§ **About this task**
Beginning with the line where "Corner detail of" appears, repeat every remaining line of the entries exactly, the last line included.

§ **Data provided**

——

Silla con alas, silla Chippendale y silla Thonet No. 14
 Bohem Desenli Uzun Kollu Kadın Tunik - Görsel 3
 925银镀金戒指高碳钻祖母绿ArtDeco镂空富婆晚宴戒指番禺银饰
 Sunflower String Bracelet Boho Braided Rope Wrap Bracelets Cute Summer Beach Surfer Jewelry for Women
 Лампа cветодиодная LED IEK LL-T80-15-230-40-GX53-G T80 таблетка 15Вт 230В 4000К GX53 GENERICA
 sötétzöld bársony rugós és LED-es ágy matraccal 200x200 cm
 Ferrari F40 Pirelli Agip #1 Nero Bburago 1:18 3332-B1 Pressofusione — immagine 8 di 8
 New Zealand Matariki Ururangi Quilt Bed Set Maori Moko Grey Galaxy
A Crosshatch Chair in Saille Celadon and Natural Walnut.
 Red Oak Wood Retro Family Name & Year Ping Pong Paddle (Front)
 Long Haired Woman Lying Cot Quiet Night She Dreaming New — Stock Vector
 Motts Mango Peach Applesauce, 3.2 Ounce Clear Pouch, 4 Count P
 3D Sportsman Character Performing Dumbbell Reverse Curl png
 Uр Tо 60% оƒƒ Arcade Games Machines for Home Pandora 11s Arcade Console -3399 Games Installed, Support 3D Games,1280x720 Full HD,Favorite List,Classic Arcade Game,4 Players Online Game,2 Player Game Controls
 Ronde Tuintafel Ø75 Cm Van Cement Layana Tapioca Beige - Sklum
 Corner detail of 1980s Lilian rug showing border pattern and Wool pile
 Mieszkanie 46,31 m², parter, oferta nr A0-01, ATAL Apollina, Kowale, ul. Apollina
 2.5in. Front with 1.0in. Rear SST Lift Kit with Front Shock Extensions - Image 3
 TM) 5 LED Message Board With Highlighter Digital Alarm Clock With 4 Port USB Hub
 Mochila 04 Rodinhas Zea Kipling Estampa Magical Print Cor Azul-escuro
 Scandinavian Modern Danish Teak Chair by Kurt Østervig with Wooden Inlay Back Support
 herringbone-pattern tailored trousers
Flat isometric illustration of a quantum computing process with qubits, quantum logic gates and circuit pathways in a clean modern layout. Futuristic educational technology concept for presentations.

——

§ **Result**
 Corner detail of 1980s Lilian rug showing border pattern and Wool pile
 Mieszkanie 46,31 m², parter, oferta nr A0-01, ATAL Apollina, Kowale, ul. Apollina
 2.5in. Front with 1.0in. Rear SST Lift Kit with Front Shock Extensions - Image 3
 TM) 5 LED Message Board With Highlighter Digital Alarm Clock With 4 Port USB Hub
 Mochila 04 Rodinhas Zea Kipling Estampa Magical Print Cor Azul-escuro
 Scandinavian Modern Danish Teak Chair by Kurt Østervig with Wooden Inlay Back Support
 herringbone-pattern tailored trousers
Flat isometric illustration of a quantum computing process with qubits, quantum logic gates and circuit pathways in a clean modern layout. Futuristic educational technology concept for presentations.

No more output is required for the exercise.